Updated on January 10, 2012

During the heat of the 2008 presidential campaign, many of my conservative co-workers asked me why Blacks overwhelmingly voted for Democrats. If they did not have the answer, I am sure that most of you don’t either. When I made a Google inquiry, the answers were both spotty and incomplete. I am qualified to address this as an experienced (aged) African American resident of these United States, along with the fact that I am student of African American history with the ability to take that historical knowledge and discuss it within the realm of American History. It turned out that 95% of African Americans who voted in 2008 voted for Barack Obama.


But, John Kerry received 88% of the Black vote in 2004. So, Blacks have a tendency to vote Democrat regardless of all the scuttlebutt I received that blacks voted for Obama because he was black. The year 2008 was a pivotal year, when the incumbent GOP president, G.W. Bush was quite unpopular and the nation had just gone through the worse economic downturn since the Great Depression. So, with the lackluster John McCain as the GOP standard bearer, was the outcome really that startling? So when you add into it the novelty of a young and fresh face and the natural pride African Americans have in seeing one of their own attain so lofty an office, I think that I can easily explain the exceptional turnout that provided the additional 8% black support given to Obama as compared with John Kerry.

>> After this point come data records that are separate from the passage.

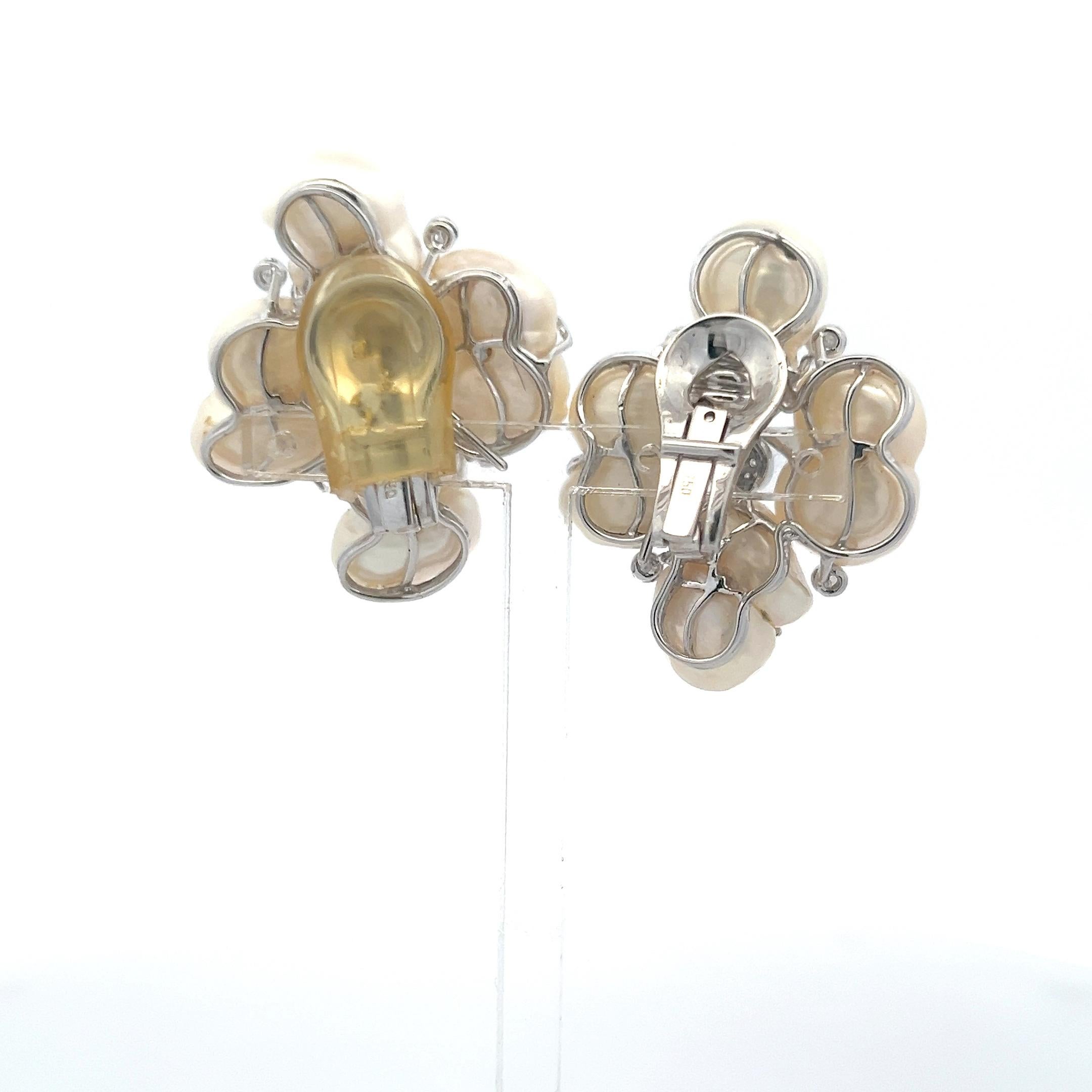 Taglio brillante Orecchini a clip in oro bianco 18 carati con perle da 10,7-15 mm e diamanti rotondi da 0,55 carati in vendita
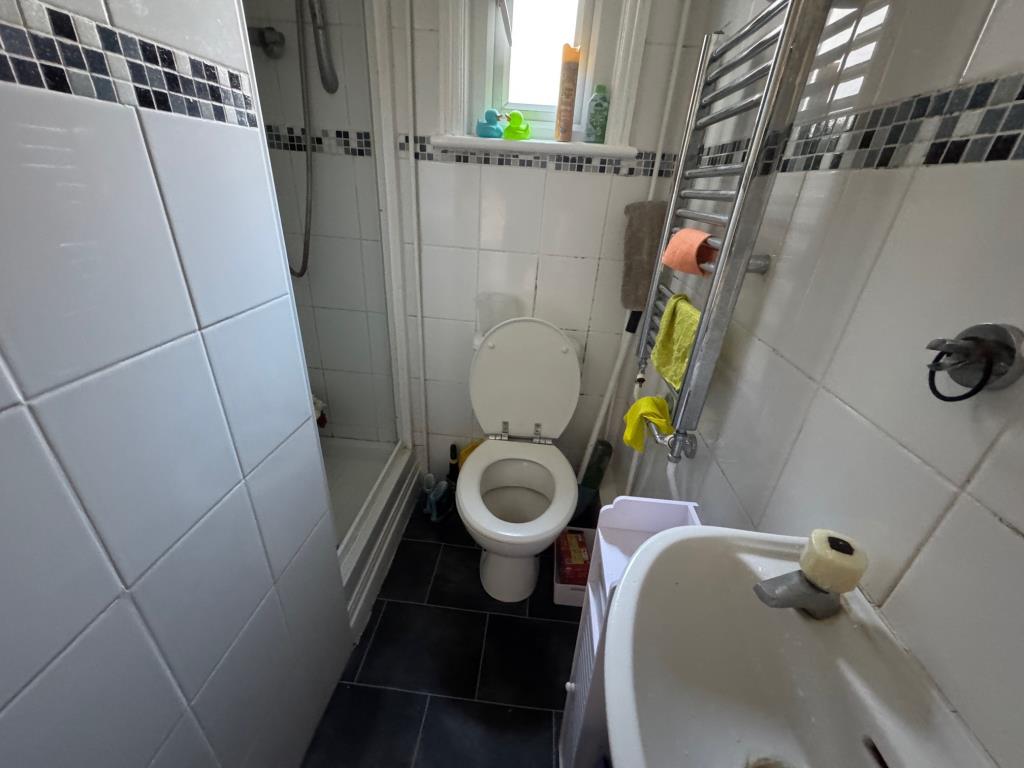 Lot: 135 - FREEHOLD INVESTMENT OF THREE FLATS - First floor flat shower room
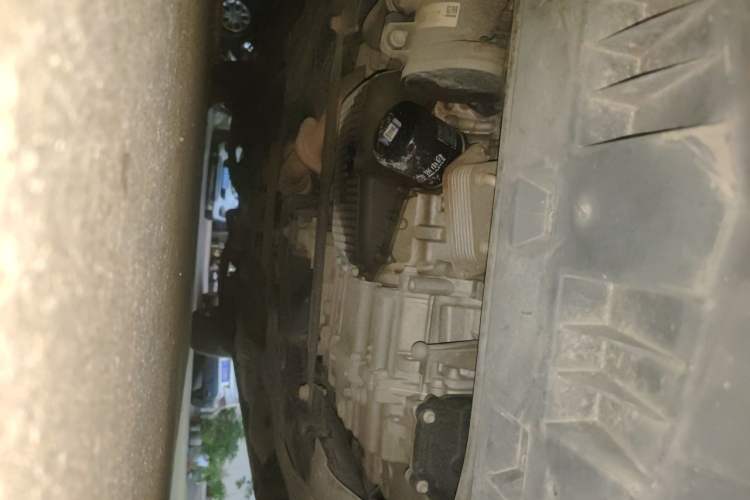 Used Cadillac XT4 2018 28T Two-Wheel-Drive Luxury Model Chassis Front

In the beginning, we have to return to the Civil War and address the record of the first Republican president, Abraham Lincoln. I am a fervent fan of this person, who I regard as America’s greatest president, and you will see that historians agree. Mr. Lincoln conferred with and took the advice of abolitionist Frederick Douglass. This was a first, the mark of a true leader, willing to learn and grow as part of the job. Lincoln was truly a progressive for his time and had the vision of a leader to recognize that slavery was inconsistent with our national creed. This is the party that led the fight against slavery and secession and, of course, earned the gratitude and trust of blacks whether formerly slave or freeman.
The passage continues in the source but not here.